Work instruction >>
Only the lines from the one containing "KALINI Floral Embroidered" through the one containing "Wooten Jewelers - Mall Entrance" should be printed, exactly as they appear below, with both ends included.

Collected data

━━━━━━━━━━━━━━━━

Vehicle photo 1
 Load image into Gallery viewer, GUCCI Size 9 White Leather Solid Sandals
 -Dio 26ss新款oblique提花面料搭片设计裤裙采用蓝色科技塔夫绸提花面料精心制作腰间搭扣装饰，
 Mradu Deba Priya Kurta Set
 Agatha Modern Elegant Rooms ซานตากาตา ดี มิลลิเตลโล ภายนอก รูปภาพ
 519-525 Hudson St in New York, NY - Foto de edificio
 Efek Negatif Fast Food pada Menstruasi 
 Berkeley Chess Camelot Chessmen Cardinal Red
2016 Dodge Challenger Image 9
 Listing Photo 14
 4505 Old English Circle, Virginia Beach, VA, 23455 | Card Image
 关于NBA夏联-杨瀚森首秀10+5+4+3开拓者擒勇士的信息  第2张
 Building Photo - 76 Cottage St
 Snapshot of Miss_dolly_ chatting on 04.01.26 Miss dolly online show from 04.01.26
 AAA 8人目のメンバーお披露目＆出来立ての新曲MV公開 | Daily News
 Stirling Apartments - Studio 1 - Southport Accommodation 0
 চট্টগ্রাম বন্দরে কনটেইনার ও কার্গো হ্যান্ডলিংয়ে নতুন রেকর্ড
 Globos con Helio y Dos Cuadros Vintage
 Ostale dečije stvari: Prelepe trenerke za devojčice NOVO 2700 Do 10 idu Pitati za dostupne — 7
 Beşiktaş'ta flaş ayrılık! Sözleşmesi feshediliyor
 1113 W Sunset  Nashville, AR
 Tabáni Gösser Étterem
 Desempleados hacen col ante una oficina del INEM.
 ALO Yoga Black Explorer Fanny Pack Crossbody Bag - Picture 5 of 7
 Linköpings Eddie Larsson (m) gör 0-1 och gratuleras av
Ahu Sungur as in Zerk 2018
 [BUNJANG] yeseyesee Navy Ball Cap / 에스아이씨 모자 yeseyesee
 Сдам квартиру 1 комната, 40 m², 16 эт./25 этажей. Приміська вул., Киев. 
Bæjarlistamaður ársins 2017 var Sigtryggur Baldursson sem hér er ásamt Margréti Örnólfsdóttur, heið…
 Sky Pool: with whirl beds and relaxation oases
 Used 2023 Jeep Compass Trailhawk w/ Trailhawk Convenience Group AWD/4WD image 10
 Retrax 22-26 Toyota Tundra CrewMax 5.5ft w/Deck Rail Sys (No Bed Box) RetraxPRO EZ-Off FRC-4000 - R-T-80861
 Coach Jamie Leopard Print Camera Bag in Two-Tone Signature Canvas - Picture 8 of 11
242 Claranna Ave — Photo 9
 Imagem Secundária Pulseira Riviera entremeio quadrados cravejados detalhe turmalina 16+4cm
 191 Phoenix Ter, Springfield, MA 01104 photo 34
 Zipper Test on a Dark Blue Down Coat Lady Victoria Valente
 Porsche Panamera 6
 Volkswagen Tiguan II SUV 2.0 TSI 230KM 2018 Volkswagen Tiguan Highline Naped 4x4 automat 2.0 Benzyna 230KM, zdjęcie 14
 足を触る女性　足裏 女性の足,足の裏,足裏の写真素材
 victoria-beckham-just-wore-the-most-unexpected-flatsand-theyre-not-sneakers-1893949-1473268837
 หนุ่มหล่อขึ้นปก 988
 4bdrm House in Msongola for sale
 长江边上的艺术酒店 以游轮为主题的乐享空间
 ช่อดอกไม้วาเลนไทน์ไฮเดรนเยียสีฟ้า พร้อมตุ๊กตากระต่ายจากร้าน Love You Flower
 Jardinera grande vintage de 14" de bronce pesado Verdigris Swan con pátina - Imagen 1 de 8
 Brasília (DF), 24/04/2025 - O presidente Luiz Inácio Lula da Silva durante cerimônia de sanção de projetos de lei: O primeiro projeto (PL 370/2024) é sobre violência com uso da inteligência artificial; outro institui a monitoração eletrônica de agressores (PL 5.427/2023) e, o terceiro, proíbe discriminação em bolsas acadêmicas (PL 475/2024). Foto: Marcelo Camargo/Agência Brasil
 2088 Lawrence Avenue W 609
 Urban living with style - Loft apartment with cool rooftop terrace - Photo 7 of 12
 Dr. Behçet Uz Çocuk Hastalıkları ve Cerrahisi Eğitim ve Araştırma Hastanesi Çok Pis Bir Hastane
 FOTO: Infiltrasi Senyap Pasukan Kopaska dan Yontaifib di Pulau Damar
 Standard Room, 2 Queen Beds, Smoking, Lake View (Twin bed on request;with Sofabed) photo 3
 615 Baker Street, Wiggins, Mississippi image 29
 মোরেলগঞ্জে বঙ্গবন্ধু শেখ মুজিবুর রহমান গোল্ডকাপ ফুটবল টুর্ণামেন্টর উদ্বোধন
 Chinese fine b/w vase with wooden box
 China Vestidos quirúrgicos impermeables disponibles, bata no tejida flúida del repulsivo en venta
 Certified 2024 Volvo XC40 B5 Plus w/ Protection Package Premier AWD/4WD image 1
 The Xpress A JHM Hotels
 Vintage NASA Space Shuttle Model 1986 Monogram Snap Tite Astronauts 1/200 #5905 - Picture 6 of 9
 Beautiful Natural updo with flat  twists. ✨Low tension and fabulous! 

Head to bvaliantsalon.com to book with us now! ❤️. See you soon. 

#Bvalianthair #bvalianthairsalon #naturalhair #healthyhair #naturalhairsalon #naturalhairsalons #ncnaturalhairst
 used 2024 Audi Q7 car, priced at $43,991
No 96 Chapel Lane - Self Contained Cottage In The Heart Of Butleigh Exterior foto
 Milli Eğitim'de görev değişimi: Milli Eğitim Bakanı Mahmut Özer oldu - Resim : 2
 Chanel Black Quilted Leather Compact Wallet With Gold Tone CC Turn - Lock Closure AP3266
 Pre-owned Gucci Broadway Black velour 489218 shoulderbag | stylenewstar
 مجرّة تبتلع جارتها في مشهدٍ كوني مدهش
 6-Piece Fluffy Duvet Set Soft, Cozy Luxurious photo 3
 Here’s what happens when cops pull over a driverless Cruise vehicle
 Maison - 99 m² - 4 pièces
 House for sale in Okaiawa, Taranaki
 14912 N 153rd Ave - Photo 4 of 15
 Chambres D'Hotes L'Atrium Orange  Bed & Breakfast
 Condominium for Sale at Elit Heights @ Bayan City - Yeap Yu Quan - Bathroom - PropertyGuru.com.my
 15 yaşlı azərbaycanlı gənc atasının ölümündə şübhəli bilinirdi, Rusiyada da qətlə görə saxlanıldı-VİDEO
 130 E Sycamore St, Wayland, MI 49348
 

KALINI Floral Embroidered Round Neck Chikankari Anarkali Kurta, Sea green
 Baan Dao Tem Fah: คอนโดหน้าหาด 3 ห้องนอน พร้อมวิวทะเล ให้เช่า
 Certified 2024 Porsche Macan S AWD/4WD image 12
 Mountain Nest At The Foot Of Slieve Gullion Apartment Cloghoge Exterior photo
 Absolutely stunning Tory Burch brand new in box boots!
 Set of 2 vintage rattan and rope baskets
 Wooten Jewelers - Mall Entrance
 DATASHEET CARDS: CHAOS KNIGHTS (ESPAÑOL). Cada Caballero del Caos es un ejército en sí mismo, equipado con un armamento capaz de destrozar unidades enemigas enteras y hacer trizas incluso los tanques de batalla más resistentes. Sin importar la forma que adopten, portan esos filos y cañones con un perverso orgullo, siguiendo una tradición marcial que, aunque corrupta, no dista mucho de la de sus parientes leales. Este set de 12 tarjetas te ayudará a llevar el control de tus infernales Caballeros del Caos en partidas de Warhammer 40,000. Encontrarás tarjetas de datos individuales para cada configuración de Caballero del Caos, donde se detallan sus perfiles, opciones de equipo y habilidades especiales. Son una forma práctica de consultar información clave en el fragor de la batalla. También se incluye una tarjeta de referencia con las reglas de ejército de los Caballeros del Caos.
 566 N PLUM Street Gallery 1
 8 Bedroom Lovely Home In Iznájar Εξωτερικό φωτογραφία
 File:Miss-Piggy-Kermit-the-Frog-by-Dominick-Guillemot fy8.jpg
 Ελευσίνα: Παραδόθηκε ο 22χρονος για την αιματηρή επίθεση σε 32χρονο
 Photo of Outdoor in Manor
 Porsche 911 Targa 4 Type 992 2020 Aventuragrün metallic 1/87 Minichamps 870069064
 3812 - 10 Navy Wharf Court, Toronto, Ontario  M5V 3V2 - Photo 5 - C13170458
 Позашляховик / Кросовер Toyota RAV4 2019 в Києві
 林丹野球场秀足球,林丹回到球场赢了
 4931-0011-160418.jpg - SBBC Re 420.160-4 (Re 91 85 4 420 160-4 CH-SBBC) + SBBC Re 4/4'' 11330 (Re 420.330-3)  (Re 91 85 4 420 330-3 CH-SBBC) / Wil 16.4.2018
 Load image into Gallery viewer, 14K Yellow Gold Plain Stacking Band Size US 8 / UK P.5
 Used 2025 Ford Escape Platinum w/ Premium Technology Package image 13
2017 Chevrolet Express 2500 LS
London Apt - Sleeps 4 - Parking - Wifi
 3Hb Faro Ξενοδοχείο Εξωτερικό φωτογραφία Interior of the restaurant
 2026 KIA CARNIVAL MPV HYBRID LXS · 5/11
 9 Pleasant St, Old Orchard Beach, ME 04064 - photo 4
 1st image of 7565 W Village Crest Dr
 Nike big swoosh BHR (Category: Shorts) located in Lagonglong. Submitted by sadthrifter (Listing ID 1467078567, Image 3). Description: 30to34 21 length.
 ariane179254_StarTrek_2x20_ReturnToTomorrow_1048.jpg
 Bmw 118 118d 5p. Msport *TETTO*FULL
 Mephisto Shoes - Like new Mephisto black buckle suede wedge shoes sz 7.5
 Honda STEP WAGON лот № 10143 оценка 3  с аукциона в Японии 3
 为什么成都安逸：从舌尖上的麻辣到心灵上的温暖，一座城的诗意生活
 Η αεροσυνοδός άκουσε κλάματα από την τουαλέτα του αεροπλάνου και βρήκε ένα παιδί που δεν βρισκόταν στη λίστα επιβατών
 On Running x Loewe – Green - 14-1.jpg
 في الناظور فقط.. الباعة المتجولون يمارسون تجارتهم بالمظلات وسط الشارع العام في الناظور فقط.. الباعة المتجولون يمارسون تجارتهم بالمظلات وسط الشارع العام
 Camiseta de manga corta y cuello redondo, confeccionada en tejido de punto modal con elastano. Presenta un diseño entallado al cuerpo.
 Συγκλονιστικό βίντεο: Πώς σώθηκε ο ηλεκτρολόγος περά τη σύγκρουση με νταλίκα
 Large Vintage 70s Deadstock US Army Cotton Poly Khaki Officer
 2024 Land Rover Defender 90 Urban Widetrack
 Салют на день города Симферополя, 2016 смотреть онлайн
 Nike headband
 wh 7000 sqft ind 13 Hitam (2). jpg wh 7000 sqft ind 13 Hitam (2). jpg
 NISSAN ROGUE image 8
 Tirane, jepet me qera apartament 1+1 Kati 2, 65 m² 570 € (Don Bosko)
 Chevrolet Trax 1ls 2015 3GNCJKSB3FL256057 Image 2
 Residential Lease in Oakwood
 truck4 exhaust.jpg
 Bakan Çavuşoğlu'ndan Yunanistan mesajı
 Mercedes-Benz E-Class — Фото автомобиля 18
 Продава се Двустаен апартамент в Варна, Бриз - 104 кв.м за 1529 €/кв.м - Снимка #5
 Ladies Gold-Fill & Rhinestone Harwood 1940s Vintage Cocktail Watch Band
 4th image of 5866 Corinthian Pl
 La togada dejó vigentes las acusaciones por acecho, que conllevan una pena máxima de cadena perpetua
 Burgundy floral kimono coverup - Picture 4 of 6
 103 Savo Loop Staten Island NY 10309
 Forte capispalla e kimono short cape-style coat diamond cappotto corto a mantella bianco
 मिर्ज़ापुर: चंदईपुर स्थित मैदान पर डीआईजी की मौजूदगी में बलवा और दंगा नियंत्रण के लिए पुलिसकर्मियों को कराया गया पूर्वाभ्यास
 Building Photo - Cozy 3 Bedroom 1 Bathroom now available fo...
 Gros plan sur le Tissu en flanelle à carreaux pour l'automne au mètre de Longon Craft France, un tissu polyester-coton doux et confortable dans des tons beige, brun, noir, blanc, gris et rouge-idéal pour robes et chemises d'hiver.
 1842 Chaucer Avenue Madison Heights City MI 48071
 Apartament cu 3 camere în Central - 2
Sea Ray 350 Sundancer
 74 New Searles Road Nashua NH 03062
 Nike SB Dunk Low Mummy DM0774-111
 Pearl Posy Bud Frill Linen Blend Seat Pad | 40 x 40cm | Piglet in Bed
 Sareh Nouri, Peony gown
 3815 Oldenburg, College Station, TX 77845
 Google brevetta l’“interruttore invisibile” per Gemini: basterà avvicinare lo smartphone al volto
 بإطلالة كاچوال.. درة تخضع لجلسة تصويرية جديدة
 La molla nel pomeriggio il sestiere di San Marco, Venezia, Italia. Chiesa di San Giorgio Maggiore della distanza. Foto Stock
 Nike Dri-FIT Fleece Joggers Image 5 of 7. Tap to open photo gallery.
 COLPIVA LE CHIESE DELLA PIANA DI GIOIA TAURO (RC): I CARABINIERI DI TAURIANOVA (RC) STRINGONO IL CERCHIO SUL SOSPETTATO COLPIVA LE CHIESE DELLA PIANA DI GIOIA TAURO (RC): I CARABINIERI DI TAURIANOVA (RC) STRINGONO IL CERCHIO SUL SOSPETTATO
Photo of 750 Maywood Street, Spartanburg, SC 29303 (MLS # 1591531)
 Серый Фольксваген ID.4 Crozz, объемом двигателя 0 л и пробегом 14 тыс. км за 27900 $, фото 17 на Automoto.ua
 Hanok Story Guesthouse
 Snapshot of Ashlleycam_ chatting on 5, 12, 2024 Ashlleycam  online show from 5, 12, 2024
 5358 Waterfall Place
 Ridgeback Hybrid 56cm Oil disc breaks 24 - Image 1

━━━━━━━━━━━━━━━━

Exercise output >>
KALINI Floral Embroidered Round Neck Chikankari Anarkali Kurta, Sea green
 Baan Dao Tem Fah: คอนโดหน้าหาด 3 ห้องนอน พร้อมวิวทะเล ให้เช่า
 Certified 2024 Porsche Macan S AWD/4WD image 12
 Mountain Nest At The Foot Of Slieve Gullion Apartment Cloghoge Exterior photo
 Absolutely stunning Tory Burch brand new in box boots!
 Set of 2 vintage rattan and rope baskets
 Wooten Jewelers - Mall Entrance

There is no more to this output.